ABOUT THIS TASK
Starting at the top line, print the entries below exactly as they are and skip every picture.

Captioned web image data
*** Block opens ***
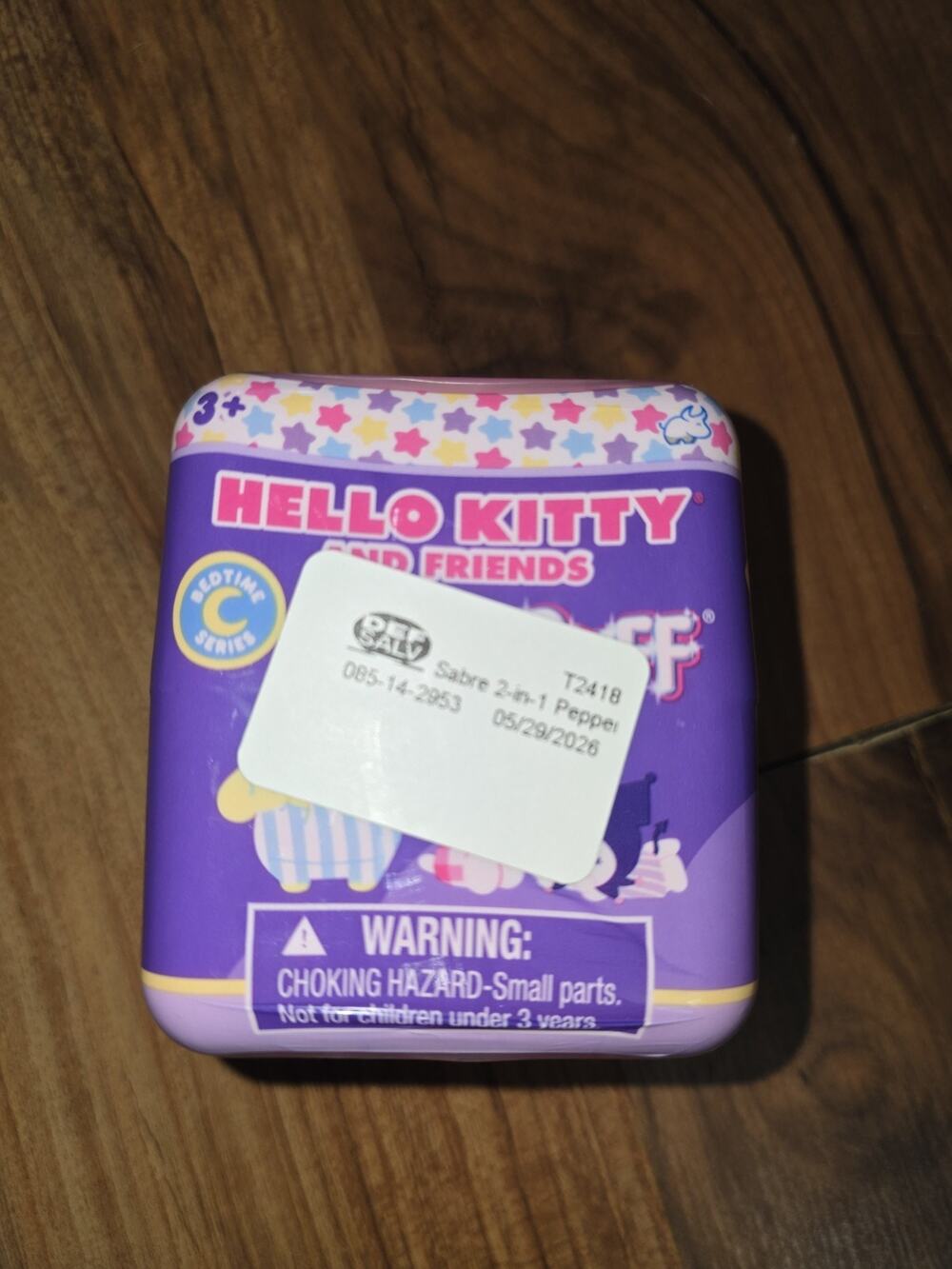 NEW FACTORY SEALED Hello Kitty Friends Cutie Cuff Slap Band Bracelet SERIES ?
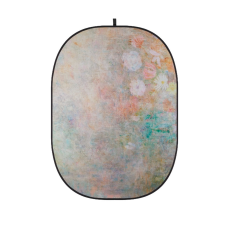 Godox Kopott Virág Mintás Fotó-Stúdió Háttér -150x200 cm Összecsukható háttérkarton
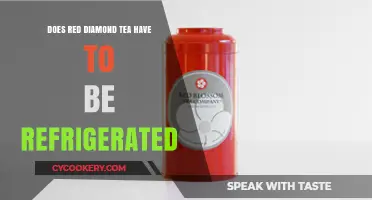 Should Red Diamond Tea Be Refrigerated? Storage Tips Revealed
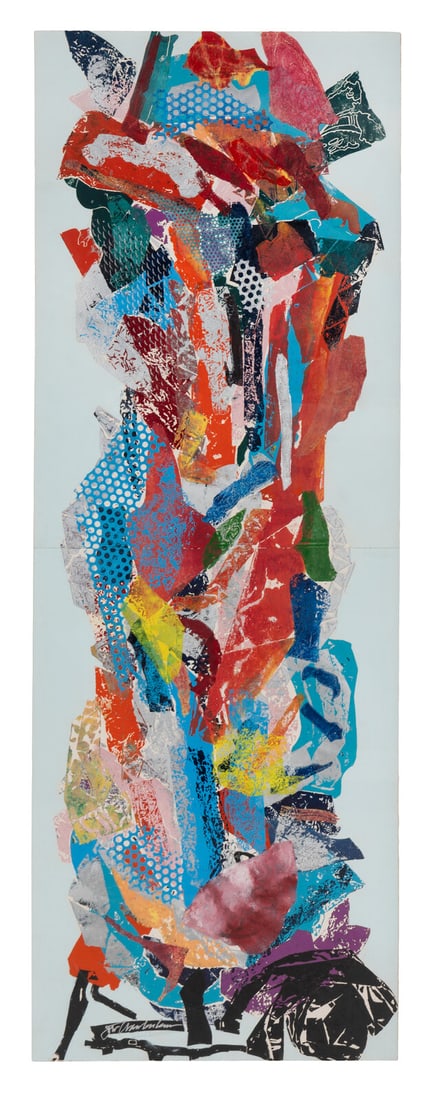 John Chamberlain (American, 1927–2011) Chews Me, 1990 (1 of 4)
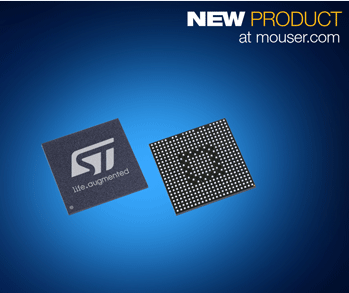ST采用Linux发行版的STM32MP1 MPU在贸泽开售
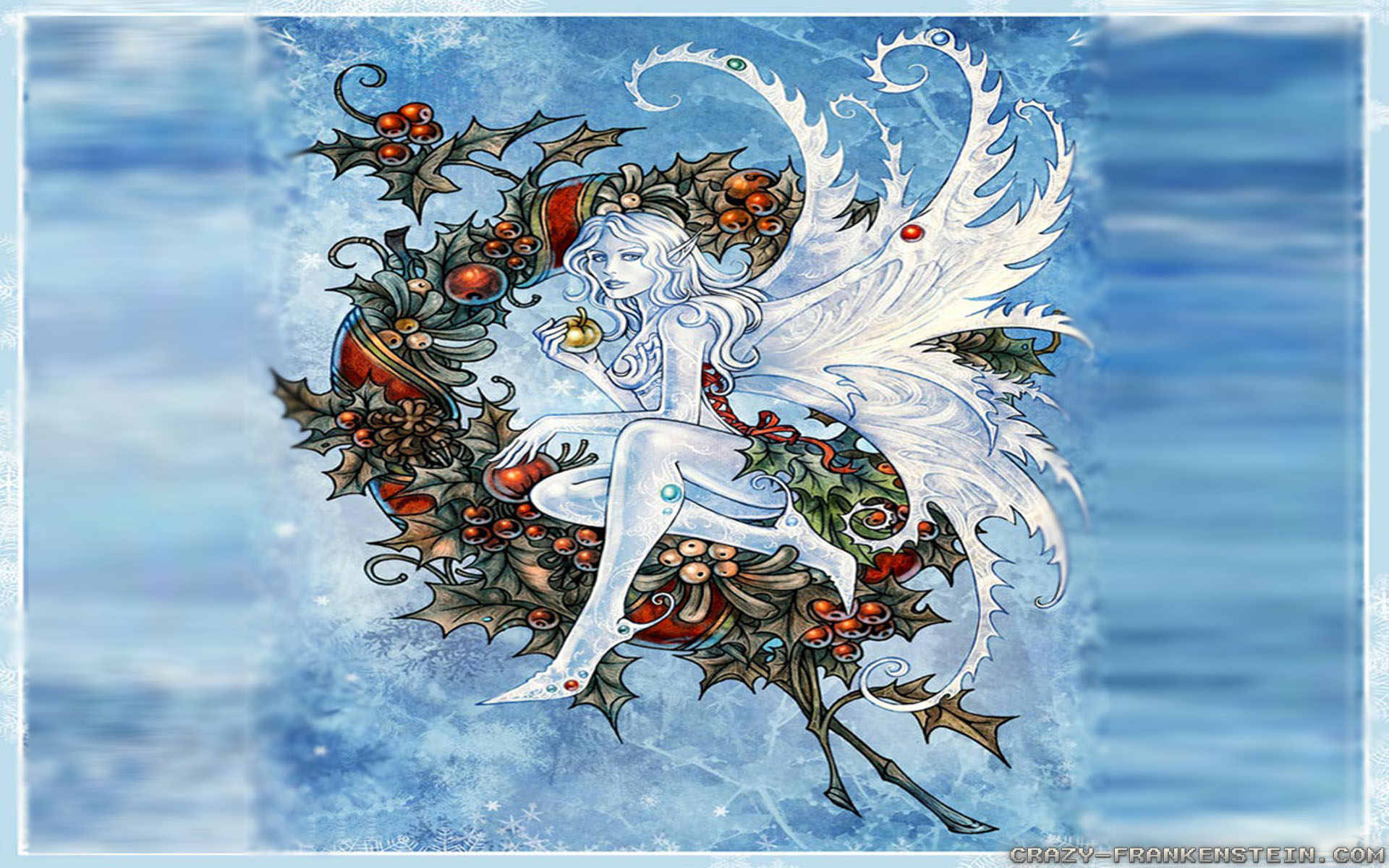 Christmas Nativity Angels Wallpapers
*** Block closes ***
RESULT OF THIS EXERCISE
 NEW FACTORY SEALED Hello Kitty Friends Cutie Cuff Slap Band Bracelet SERIES ?
 Godox Kopott Virág Mintás Fotó-Stúdió Háttér -150x200 cm Összecsukható háttérkarton
 Should Red Diamond Tea Be Refrigerated? Storage Tips Revealed
 John Chamberlain (American, 1927–2011) Chews Me, 1990 (1 of 4)
ST采用Linux发行版的STM32MP1 MPU在贸泽开售
 Christmas Nativity Angels Wallpapers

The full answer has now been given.